How Prepared Are You for Retirement?  

By Beatrice Calvin

In a survey taken by TIAA-CREF, 64% of workers reported that it is hard to know what sources for advice and guidance they can turn to and who can be trusted when it comes to financial advice. More employers are realizing that they need to provide reliable, trust-worthy resources for employees. Employers understand that in order for employees to have confidence in their ability to retire, employees may need their help.

Recently, my employer organized several half-day workshops designed to assist employees to do just that—prepare for retirement. Presenters included representatives from the company that manages our retirement funds and the Social Security administration. There was a lot of useful information shared. In a way, it was kind of scary to think that retirement is so close. But it also made me realize that I have work to do. Here is some general information that was shared with our group.

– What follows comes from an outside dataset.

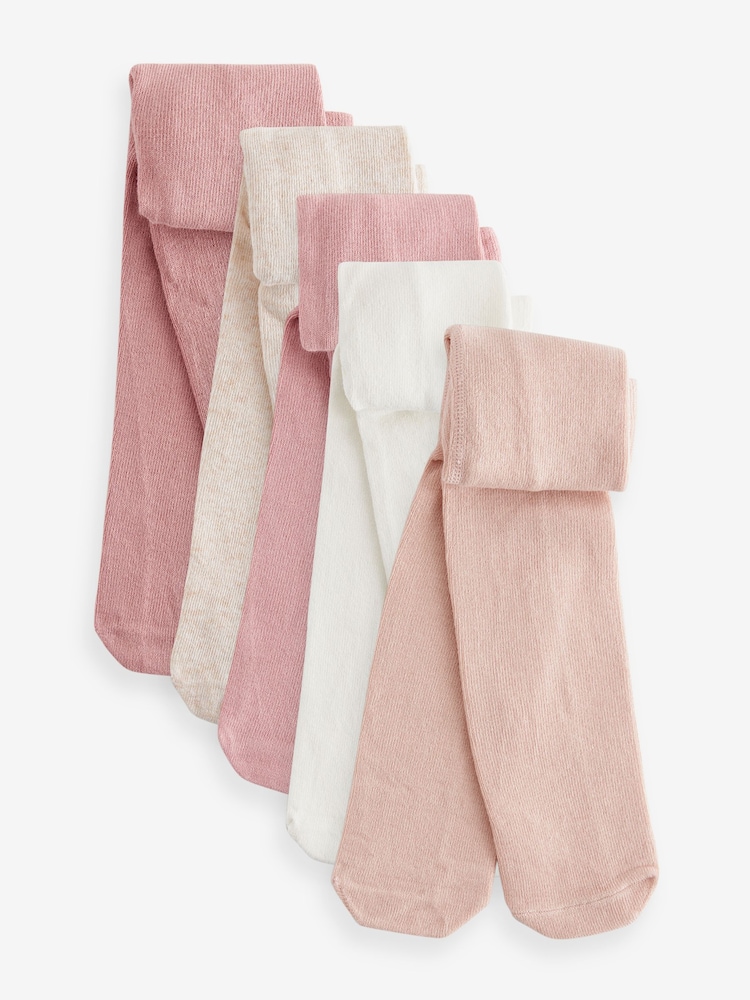 Pink Baby Tights 5 Pack (0mths-2yrs) - Image 1 of 6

To start preparing for retirement, you should assess where you are financially right now. You can begin by defining your personal goals. The you’ll want to consider your benefits & sources of income including savings, pensions and retirement funds, investments, social security, your spouse or partner’s assets, and any other sources.  You may consider working longer. The amount of money you can receive from Social Security and other retirement sources may vary depending on the age you decide to retire. Keep in mind that the longer you work, the more you earn, and generally you can contribute more to your retirement funds.

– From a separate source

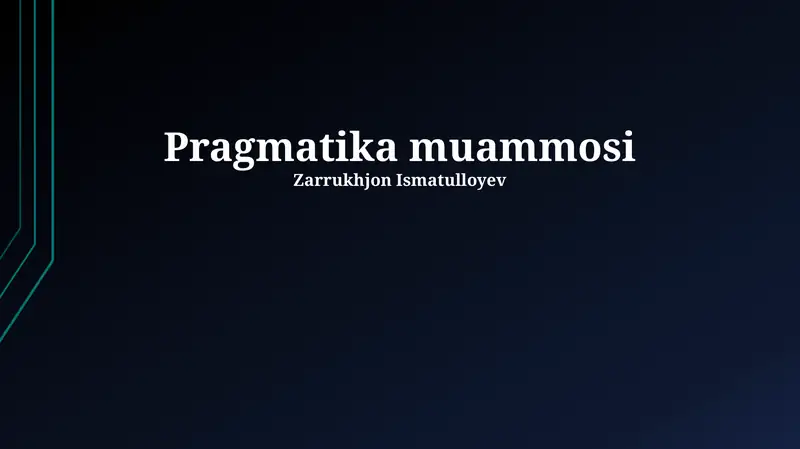 Pragmatika muammosi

As you consider your sources of income, you should also make a budget for retirement. Having enough money for retirement begins with having a plan. You’ll need to consider what basic expenses need to be covered. You’ll find that while some expenses may increase once you enter retirement, others will decrease. You should identify your essential living expenses. Major items to consider are listed below.

Home & Related Costs

The cost of shelter could either increase or decrease during retirement depending on your choice of housing. According to the Bureau of Labor Statistics, housing costs may be 1/3 of your entire household budget in retirement. Will you remain in your current home? If so, will you have money saved for home repair expenses (i.e. broken furnace, over-flowing sink, etc.)? Will your mortgage be paid in full when you retire? Based on a 2016 survey conducted by the Society of Actuaries, more than 50% of pre-retirees owe money on a mortgage and 28% do not know when they expect to pay it off. Will you sell your home and move to a senior community? Will you move in with children or other relatives? If so, will they expect you to help with monthly bills (electricity, gas, water, etc.)?  You may need to rethink your living arrangements. You may want to consider moving to a more affordable place that allows you to maintain your lifestyle while still reducing expenses such as home upkeep, utilities, property taxes, etc.

Health Care Expenses

In a survey conducted by Gallup on financial concerns, 53% of respondents indicated that they were worried they would not be able to pay medical costs in the event of a serious illness or accident. This concern may very well be justified. According to a 2015 Center for Disease Control (CDC) report, health care expenses can nearly triple from the time an individual is just over thirty years of age to the time he reaches retirement age.  Will you be prepared for the possible increase in health care costs? Also, keep in mind that as you age, your cognitive abilities may diminish. Will you be able to make sound decisions? What if you have a serious illness or accident? Will you be able to pay your medical bills? Will you have to forego medical treatments because of a lack of ability to pay?

Food & Clothing

Usually, if you are in full retirement, food and clothing expenses should decrease. This is because you will no longer need the professional attire required when working outside of the home. Also, you probably won’t be eating out as much (i.e. going to lunch with colleagues, happy hours after work, etc.) as you would if you were going to work every day.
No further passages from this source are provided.